Analysis: Battle over top House post highlights coalition’s fragility

FRIDAY, MAY 26, 2023

Tension between the two largest parties in the coalition aiming to form the next government has risen to the point that their shared prime ministerial candidate – Pita Limjaroenrat – entered the fray on Friday in an attempt to diffuse the conflict.

Move Forward and Pheu Thai – the two largest parties in an eight-party coalition – have been sparring over which one should control the most powerful position in the legislative branch: Speaker of the House of Representatives.

Their escalating battle for the post this week is threatening their alliance, observers say.

Both parties should go back to the negotiation table to discuss who should get the House speaker’s position, Move Forward leader Pita said in a Facebook post on Friday.

He also reminded members of both parties that their mutual mission was to form the next coalition government in order to “return democracy to Thailand”.

Move Forward and Pheu Thai formed a coalition with six other parties after emerging as the two largest winners at the May 14 general election, with 151 and 141 MP seats, respectively.

Move Forward leads the coalition of 312 MPs.

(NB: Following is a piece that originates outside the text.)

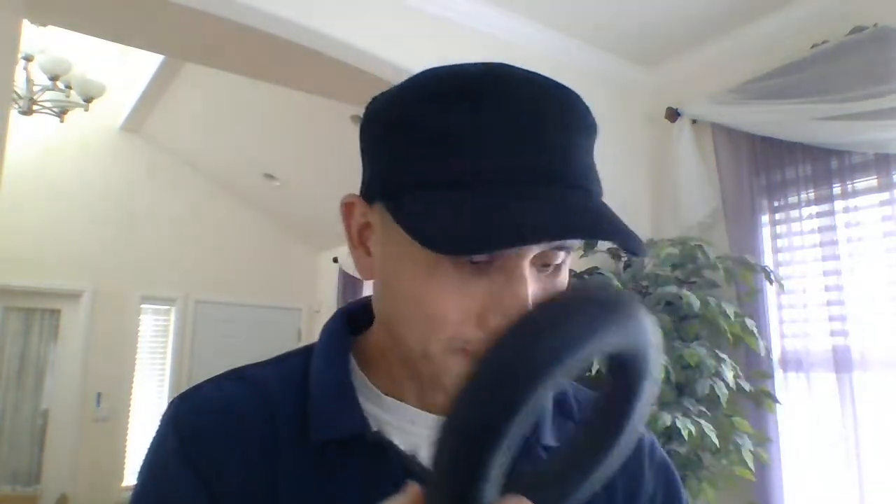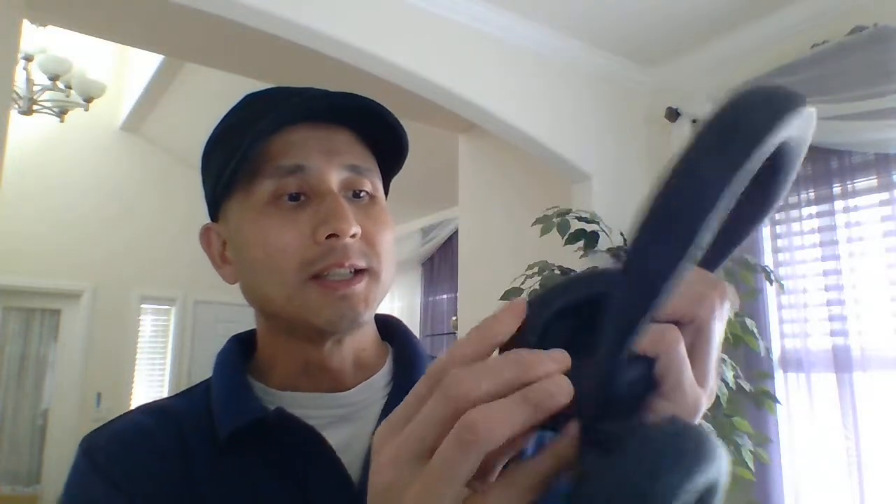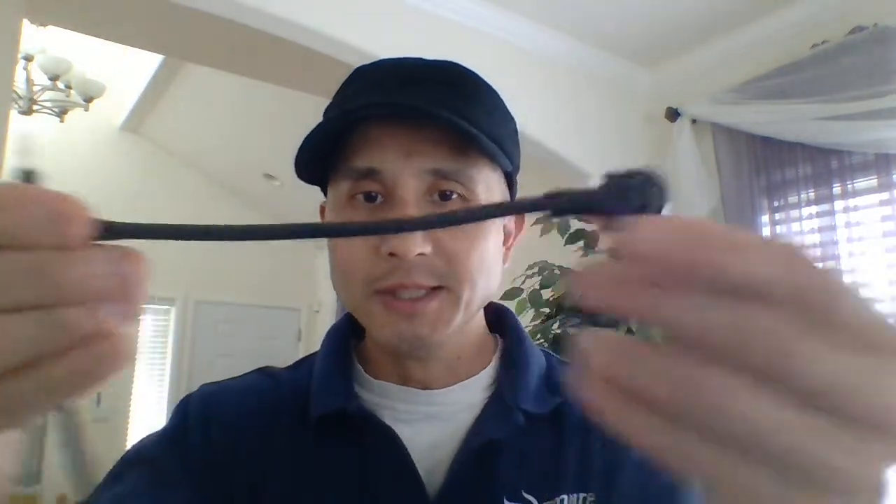Here's the attachment for the Bose 700 — this is beautifully made, machined out of aluminum. Here's the ear cut for the Bose 700, and you attach the attachment on like so, and then you just put it back onto the headphone. There you go — and there's the new Typhoon.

The six other allies have between one and nine MPs each.

Bickering between the two former opposition allies over which party should get the speaker’s post has come amidst calls from both sides for mutual trust and promises of “no backstabbing”.

The speaker of the House of Representatives also serves as president of the Parliament, comprising both the Senate and the Lower House.

The House speaker is also empowered to countersign the royal command appointing the prime minister, who will be selected by a joint meeting of both Houses of Parliament, according to the Constitution.

Key Move Forward figures have pressed for the House speaker’s post as well as the presidency.

They argue that they need to push many new laws and amendments through Parliament to implement the party’s campaign promises to dramatically reform Thailand.

Move Forward needs someone from its party to serve as the House speaker to facilitate the parliamentary process, senior members of the party say.

Move Forward deputy leader Sirikanya Tansakul said on Thursday that her party needs the speakership to push through its 45 draft bills relating to its campaign promises, as well as the party’s plan to push for constitutional amendments to restore democracy.

She said Move Forward would not resort to backstabbing its coalition partners and would deal with any differences between them directly and honestly.

Senior Pheu Thai members have publicly rebuked Move Forward’s argument that the political party that wins the most MP seats should get both the premiership and speakership.

Coalition partners earlier agreed to “fairly allocate the positions” between the two largest parties, Pheu Thai said on its Facebook page on Friday.

It also disputed Move Forward’s argument that after Pheu Thai won past elections, it always took selected the prime minister and House speaker without allowing the second-largest coalition party to get the speakership.

Pheu Thai took both posts because it won absolute majorities in the House of Representatives, it noted in the Facebook post.
Although Move Forward won the most seats in the Lower House, its total was far below a majority.

In the Facebook post, Pheu Thai also asked an unnamed coalition partner to “avoid employing supporters to pressure” for their demands to be met.

Move Forward supporters have campaigned heavily on social media for an MP from their party to be elected the next House speaker.

Pheu Thai also called for mutual trust among coalition partners to ensure that they would together “complete the mission given by voters for the maximum benefit of the country”.

Pheu Thai also disputed Move Forward’s plan to use its House speaker to push its agenda, saying the House speaker “shall be impartial in the performance of duties”, the post said, echoing the Constitution.

The spat over who controls the legislature’s most important position reflects the fragility of the newly formed coalition that says it aims to transform Thailand, analysts say.